Friday, December 14, 2007

More to be done...

4:57 AM | Comments (0)

After 6-8 weeks in which the Conservatives have had an understandable spring in their step the Economist sounds a welcome note of caution on how much remains to done before they can take the next election for granted.
"...the Tories have not pulled away decisively: they are polling at around 40%, which is short of both the 45% mark that Mr Cameron has made his party's target and the 60% that Labour scored under Tony Blair in 1995. Labour then was more than 30 points ahead of the governing Tories; today the Tories are less than ten points ahead of Labour. Conservatives note that they face a stronger government than Sir John Major's. None of its recent mistakes has been as ruinous for voters as the recession of the early 1990s. Neither is it as exhausted of ideas: Sir John never produced anything as vaulting as the children's plan unveiled on December 11th."
That's a timely warning. Tribal Tories may struggle to accept this but no matter how many dazzling policy initiatives they can produce they will only win power when public disaffection with Brown & Labour passes that difficult to track tipping point and despite recent debacles we may not be there yet.
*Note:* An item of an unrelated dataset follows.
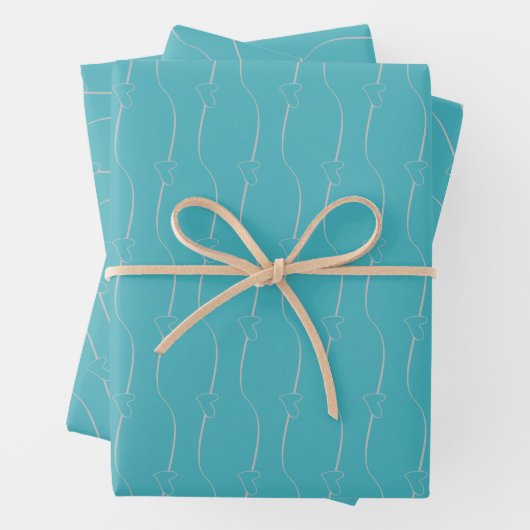 Feuille De Papier Cadeau Coeur Link Silver Verdigris Mariage Fiançailles (En situation)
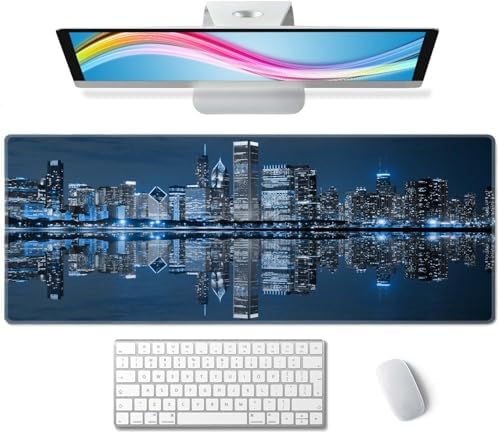 Gaming Mouse Pad, Large Mouse Pads for Desk, Non-Slip Rubber Base Mousepad, Keyboard Mouse Mat, Desk Pad with Stitched Edges, 31.5x11.8inch, Chicago Skyline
In the decade before Labour took office we’d had race riots, poll tax riots, unparalleled hostility from the arts establishment & popular cultural figures all against a backdrop of serious in fighting and ill discipline in the governing party. That’s why the returns on Blair & Campbell’s Labour rebranding were far more immediate and substantial than those we’ve seen on Cameron’s project (the 60% polling referred to above). I don’t think any serious and objective comparison between Brown under Labour in 2007 and the Conservatives under Major in 1997 could find many significant parallels and somebody, somewhere in the party should be acknowledging this.